======== Source data
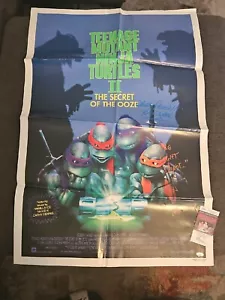 Brian Tochi Robbie Rist SIGNIERT Original TMNT DS SECRET OF THE OOZE 27x40 POSTER - Bild 1 von 20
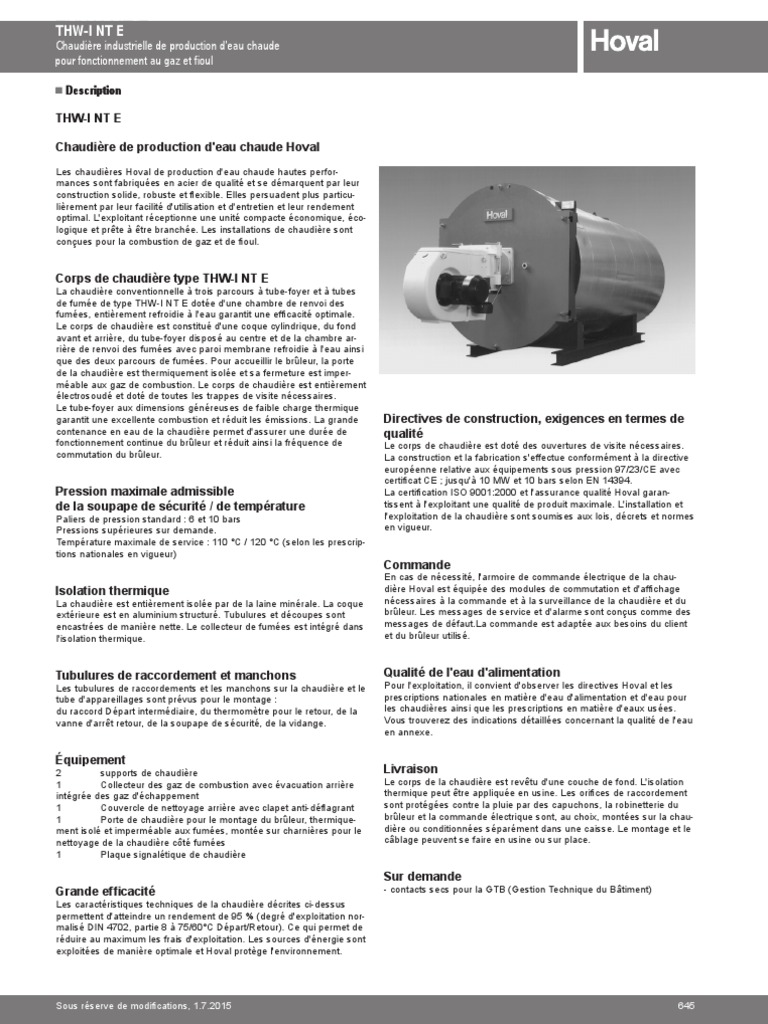 Dossier+technique+Chaudières+industrielles Cheminée Chaudière — free download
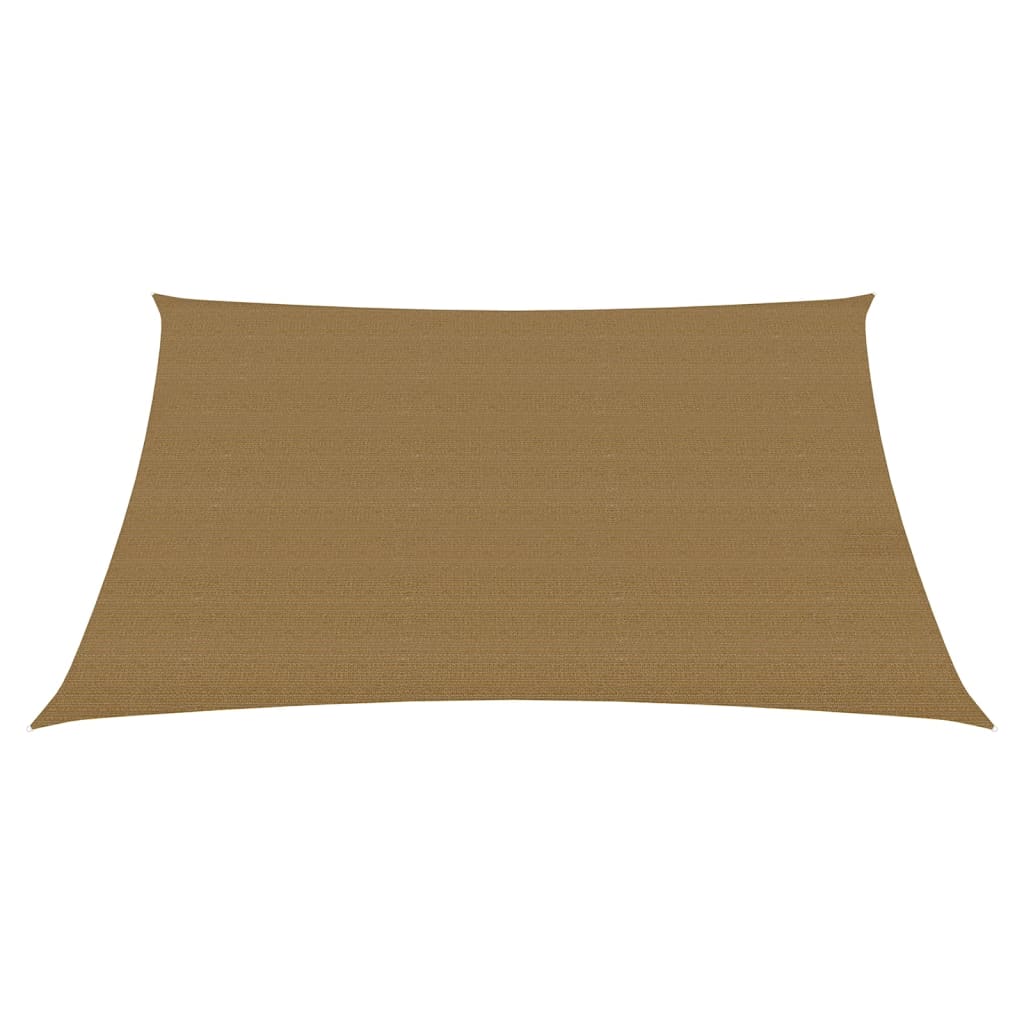 Voile d'ombrage 160 g/m² Taupe 3/4x2 m PEHD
================
Exercise brief: Without including any pictures, copy every line above exactly.

Your solution:
 Brian Tochi Robbie Rist SIGNIERT Original TMNT DS SECRET OF THE OOZE 27x40 POSTER - Bild 1 von 20
 Dossier+technique+Chaudières+industrielles Cheminée Chaudière — free download
 Voile d'ombrage 160 g/m² Taupe 3/4x2 m PEHD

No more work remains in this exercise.